===== COLLECTED MATERIAL
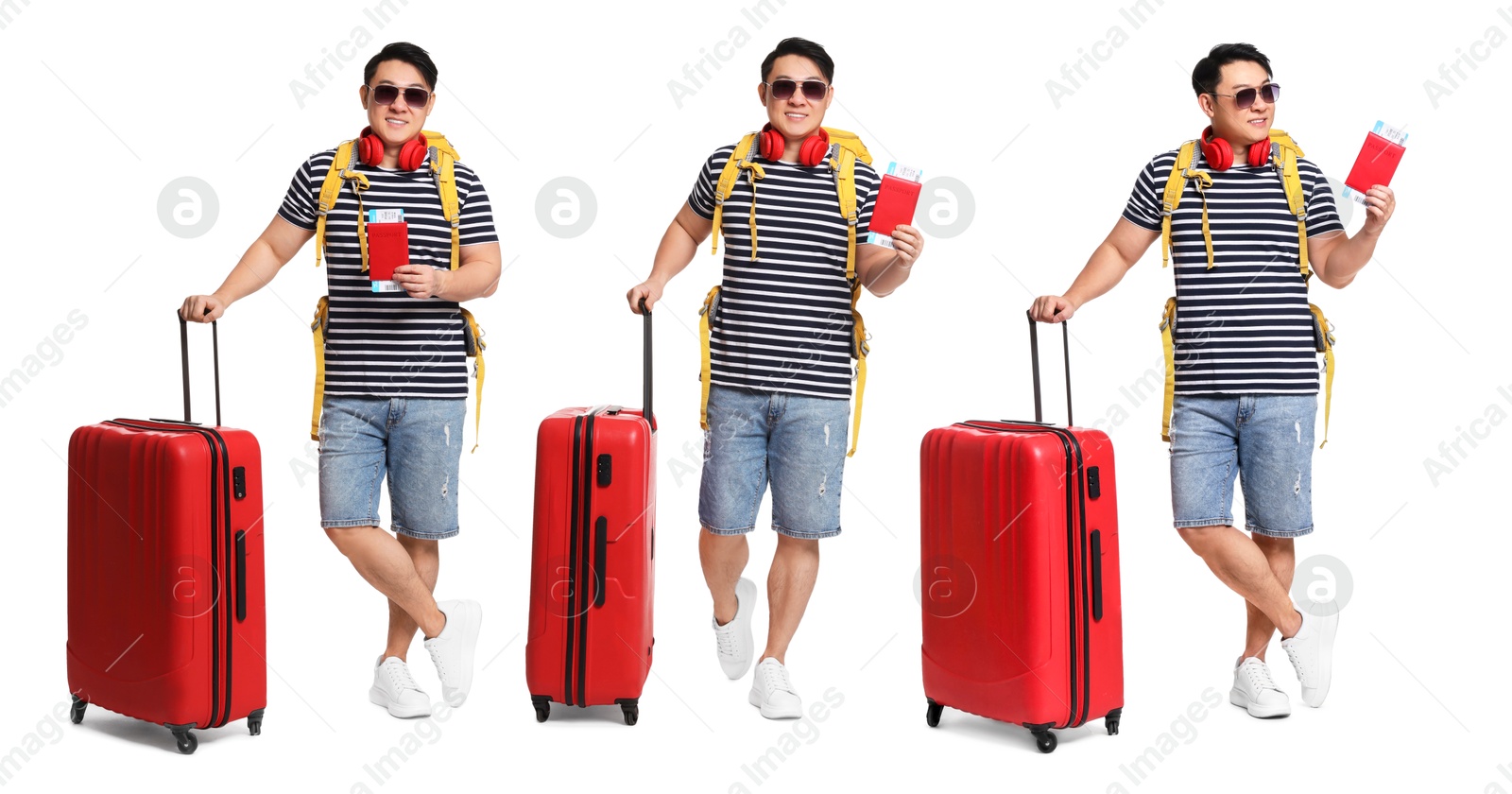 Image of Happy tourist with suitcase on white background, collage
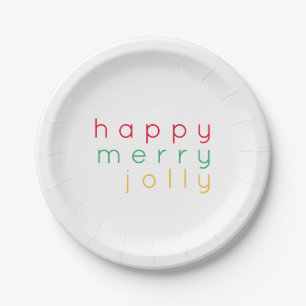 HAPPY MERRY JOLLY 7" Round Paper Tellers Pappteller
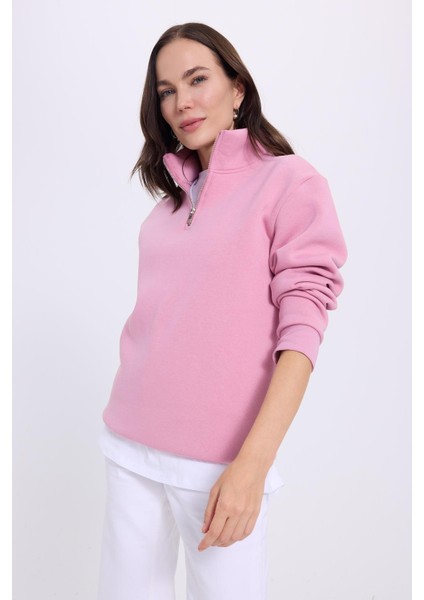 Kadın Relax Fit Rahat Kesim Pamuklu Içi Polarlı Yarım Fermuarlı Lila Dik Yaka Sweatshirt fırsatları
==========
Make an exact copy of the listing. Leave its pictures out.

**YOUR RESPONSE**:
 Image of Happy tourist with suitcase on white background, collage
 HAPPY MERRY JOLLY 7" Round Paper Tellers Pappteller
 Kadın Relax Fit Rahat Kesim Pamuklu Içi Polarlı Yarım Fermuarlı Lila Dik Yaka Sweatshirt fırsatları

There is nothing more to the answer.